Y A R G I T A Y K A R A R I
Temyiz isteminin süresi içinde olduğu anlaşıldıktan sonra dosyadaki bütün kağıtlar okunup gereği düşünüldü.Davada, senet borcunu ödemeyen davalı hakkında alacağın tahsili için başlatılan takibe vaki haksız itirazın iptali, inkar tazminatının tahisili istenilmiş, davalı davaya cevap vermediği gibi duruşmaya da gelmemiş, mahkemece davanın kabulüne karar verilmiş olup hükmü davalı taraf temyiz etmektedir. Tebligat Yasasının 20, 21 ve özellikle Tüzüğün 28.maddesi uyarınca, muhatap veya muhatap adına tebliğ yapılabilecek olanlardan herbiri gösterilen adreste bulunmaz iseler, tebliğ memurunun, adreste bulunmama sebebini bilmesi muhtemel komşu, yönetici, kapıcı, muhtar, ihtiyar kurulu, zabıta amir ve memurlarından tahkik ederek, beyanlarını tebliğ tutanağına yazıp imzalatması, imzadan çekinmeleri halinde de bu durumu yazarak imzalaması gerekir.
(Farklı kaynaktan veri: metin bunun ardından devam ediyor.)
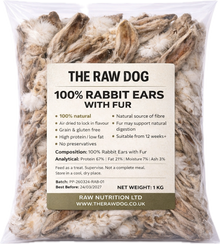 RABBIT EARS WITH FUR 1KG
Gösterilen şekil geçerlilik koşuludur (YHGK’nun 29.12.1993 tarihli, 1993/18-778-876 sayılı kararı). Olayımızda muhatabın ne sebeple adreste bulunmadığı sorulmamış, beyanda bulunanın imzası alınmak suretiyle tevsik edilmemiştir. Bu hali ile davalıya dava dilekçesi ve duruşma gününün tebliğine dair tebligat geçersizdir.Usulünce tebligat yapılıp taraf teşkili sağlanmadan ve davalıya savunma hakkı tanınmadan yargılamaya son verilmesi kanunua aykırıdır (Anayasa’nın 36. md.-HMK.md.27 ve 31.md-Avrupa İnsan Hakları Sözleşmesi 6/1-3 md., İnsan Hakları Evrensel Beyannamesi 8. md.).Kaldı ki hükme esas alınan senet metninde sebebi “nakden” yazdığı halde, davacı takipte “malen” verildiğini söyleyerek senetteki kaydı talil ettiğine göre, temeldeki ilişkinin bu senette yazılı olandan farklı olduğunu iddia eden alacaklı iddiasını ispat etmelidir. Çünkü lehine olan bonunun “kayıtsız şartsız borç ikrarını içerdiği” karinesi çürümüş olmakla, ispat külfetini yükümlenmiştir (HGK.17.12.2003 gün ve 2003/19-781-768). O halde bu ilkeler gözetilmeden ispat külfetinin davalıda oldğunun kabulü doğru değildir
Ayrıca, takipte sunulmayan bono dava sırasında sunulduğu ve davalı senede karşı beyanda bulunmadığı halde, sahibine gösterilerek beyanı alınmadan davaya esas alınması sonucu eksik inceleme ile hüküm kurulması doğru görülmemiştir.Bunların dışında, muaccel bir borcun borçlusu alacaklının ihtarı ile temerrüde düşer (BK.md.101) düzenlemesi ve takipten önce davalının temerrüde düşürülmediği gözetilerek işlemiş faiz talebi hakkında talebin reddi gerekirken kabulü de yasaya uygun değildir. Bunun yanında likit kabul edilen kısım asıl alacak olmakla icra inkar tazminatı da asıl alacak üzerinden verilmelidir. Bu itibarla 6100 Sayılı HMK.un geçici 3.maddesinde düzenlenen “Bölge adliye mahkemelerinin, 26/09/2004 tarihli ve 5235 sayılı Adli Yargı ilk Derece Mahkemeleri ile Bölge Adliye Mahkemelerinin Kuruluş, Görev ve Yetkileri Hakkında Kanunun geçici 2.maddesi uyarınca Resmi Gazete’de ilan edilecek göreve başlama tarihine kadar, 1086 sayılı Kanunun temyize ilişkin yürürlükteki hükümlerinin uygulanmasına devam olunur.” hükmü gereğince yukarıda açıklanan esaslar gözönünde tutulmaksızın yazılı şekilde hüküm tesisi isabetsiz, temyiz itirazları bu nedenlerle yerinde olduğundan kabulü ile hükmün HUMK.nun 428. maddesi gereğince BOZULMASINA, peşin alınan temyiz harcının istek halinde temyiz edene iadesine, 06.12.2012 tarihinde oybirliğiyle karar verildi.